Gym Management Database System
A fully designed and implemented relational database system for managing members, subscriptions, bookings and staff operations. Built as part of a university group project, the system includes entity-relationship modelling, normalization, constraints, and SQL queries.
For one of my university group projects we built a fully working Gym Management System database using
Oracle APEX. The goal was simple. Design a realistic system that could actually run a gym. Not just
store names and numbers but handle memberships, bookings, personal training sessions, discounts,
attendance and more.
We started with the design. Before writing a single line of SQL we identified all the strong and
weak entities. Members, Staff, Membership Plans, Classes, Workouts, Class Bookings,
Guests.
Then we built a full ERD and carefully defined the relationships between everything. Every foreign key had a purpose. Every table had a reason to exist. That part taught me how important structure is before implementation.

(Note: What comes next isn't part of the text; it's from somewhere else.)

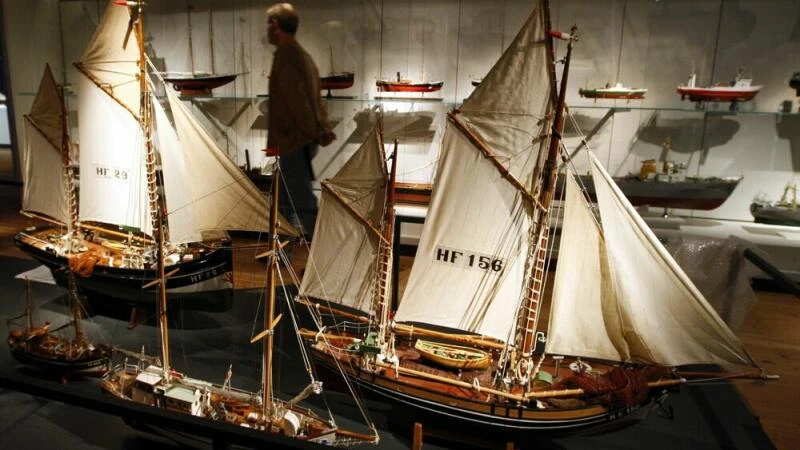 Internationales Maritimes Museum in Hamburg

After that we mapped the ERD into a fully normalised relational model. Everything was brought into
Third Normal Form. No transitive dependencies. No attributes depending on non key columns. Just
clean structure and clarity.
Then came the SQL. We wrote DDL scripts for over fifteen tables including Member, Staff, PT Session,
Attendance, Discount Usage and more. Primary keys were defined properly. Foreign key constraints
were added using alter table so referential integrity was enforced across the entire system.
CREATE TABLE Staff (
StaffID NUMBER PRIMARY KEY,
First_Name VARCHAR2(100),
Last_Name VARCHAR2(100),
DOB DATE,
Gender VARCHAR2(10),
Salary NUMBER,
Phone_No VARCHAR2(20),
Email VARCHAR2(100),
Specialisation VARCHAR2(100)
);
CREATE TABLE Member (
MemberID NUMBER PRIMARY KEY,
First_Name VARCHAR2(100),
Last_Name VARCHAR2(100),
DOB DATE,
Gender VARCHAR2(10),
Address VARCHAR2(255),
Phone_No VARCHAR2(20),
Email VARCHAR2(100),
PlanID NUMBER
);
Populating the database required planning as well. We inserted into independent tables first such as
Equipment and Discounts. Then we populated the dependent tables once foreign key references existed.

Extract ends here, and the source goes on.